Stacked blocks & pulley system

[stunner5000pt]

Homework Statement

Consider the diagram given. All surfaces have friction (u(s) & u(k)). When the system is released from rest, the mass M is heavy enough to pull m1 and m2 up the slope. m2 remains at rest with respect to m1. Determine the acceleration of the system in terms of the given variables
M, m1, m2, u(k) and u(s)

Relevant Equations

Newton's 2nd law
Friction = coefficient of friction x normal force

I've posted my attempt at a solution but I haven't gone through the whole process of putting together equations 1 -4 yet as I wanted to clarify if I'm on the right path

My doubt lies in the formulation of equation 4 - the force equation for the stacked block. Since we don't know the acceleration of the masses and we don't know if mass M is heavy enough to cause m2 to slide, do we leave F_{12x} undetermined and not equate this to \mu_{s} F_{N} ?

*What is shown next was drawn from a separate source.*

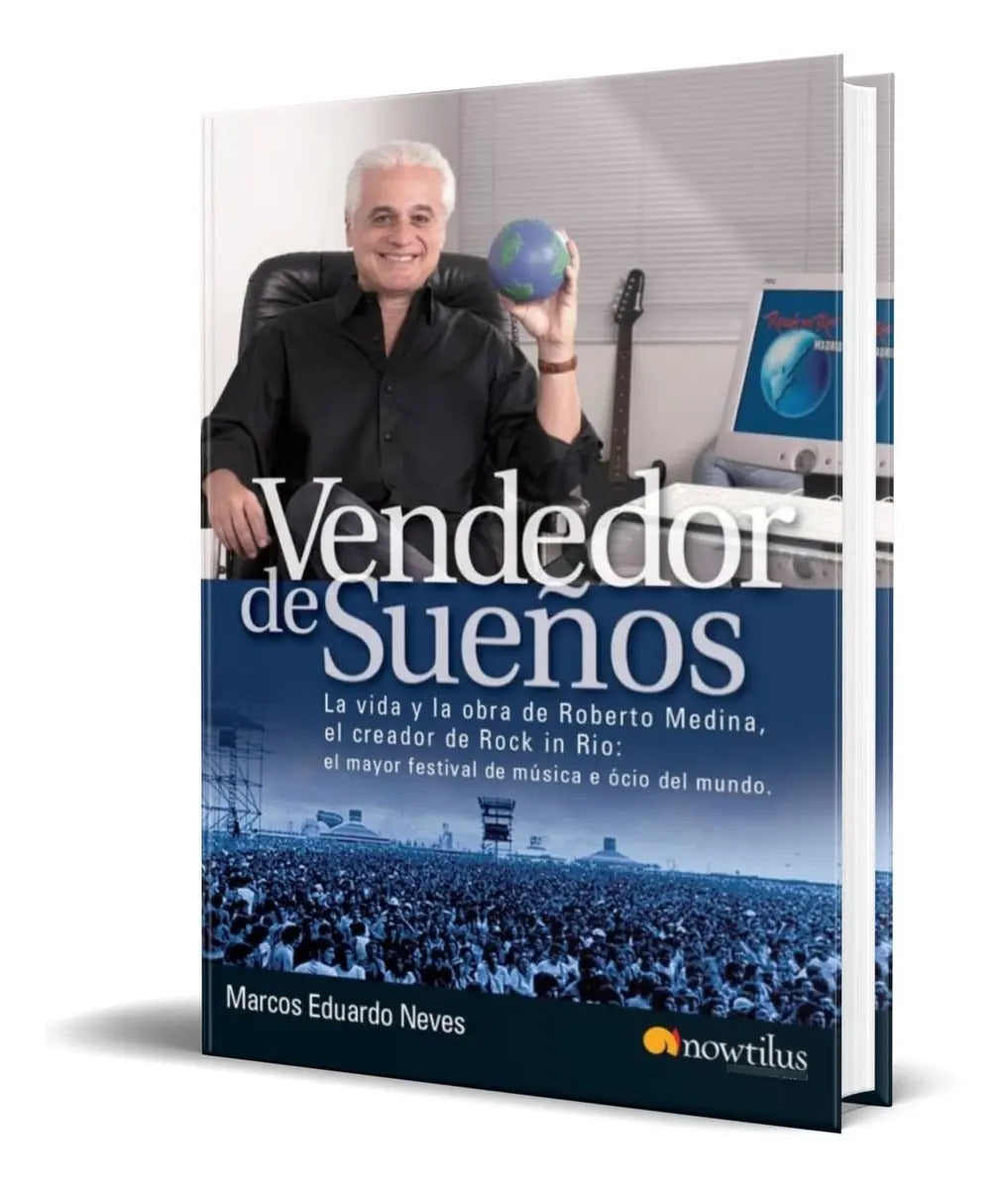 Portada de Libro Vendedor De Sueños [ Marcos Eduardo Neves ] Original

Are all the equations considering all variables or did I miss anything in my formulation so far? I'm happy to retype all that is written on the solution attempt in tex if the writing is illegible - let me know!

Appreciate all your input in advance & thank you :)

 

[kuruman]

Since $m_2$ and $m_1$ accelerate as one, you don't need separate free body diagrams (FBDs) for the two masses. Solve the problem as if a single mass $(m_1+m_2)$ is placed on the block. The coefficient of static friction $\mu_s$ is irrelevant because we are not told that $m_2$ is on the verge of sliding on $m_1$.

You still have to draw the FBD for the hanging mass.

 

[vela]

Since we don't know the acceleration of the masses and we don't know if mass M is heavy enough to cause m2 to slide, do we leave F_{12x} undetermined and not equate this to \mu_{s} F_{N} ?

The problem statement explicitly says $M$ is heavy enough to cause the masses to slide up the incline.

 

[stunner5000pt]

Since $m_2$ and $m_1$ accelerate as one, you don't need separate free body diagrams (FBDs) for the two masses. Solve the problem as if a single mass $(m_1+m_2)$ is placed on the block. The coefficient of static friction $\mu_s$ is irrelevant because we are not told that $m_2$ is on the verge of sliding on $m_1$.

You still have to draw the FBD for the hanging mass.

This is great thank you for the advice here.

 

[stunner5000pt]

The problem statement explicitly says $M$ is heavy enough to cause the masses to slide up the incline.

my apologies i should have clarified. We don't know if the hanging mass M is the biggest mass possible to cause the boxes to slide
In fact, is this something that we'd have to solve for before we simplified & treated m1 and m2 are one unit?

 

[haruspex]

my apologies i should have clarified. We don't know if the hanging mass M is the biggest mass possible to cause the boxes to slide

Do you mean, you don’t know if it is the smallest mass that would cause them to slide up?
Why does that matter?

In fact, is this something that we'd have to solve for before we simplified & treated m1 and m2 are one unit?

What allows you to treat them as one unit is the information that "m2 remains at rest with respect to m1". That is, they behave exactly as if they were glued together.

 

[stunner5000pt]

Do you mean, you don’t know if it is the smallest mass that would cause them to slide up?
Why does that matter?

What allows you to treat them as one unit is the information that "m2 remains at rest with respect to m1". That is, they behave exactly as if they were glued together.

you're right it doesn't matter, I'm overthinking this (as usual)

Thank you again for your help

 

[Herman Trivilino]

my apologies i should have clarified. We don't know if the hanging mass M is the biggest mass possible to cause the boxes to slide

Please check the statement of the problem and make sure it matches what you posted.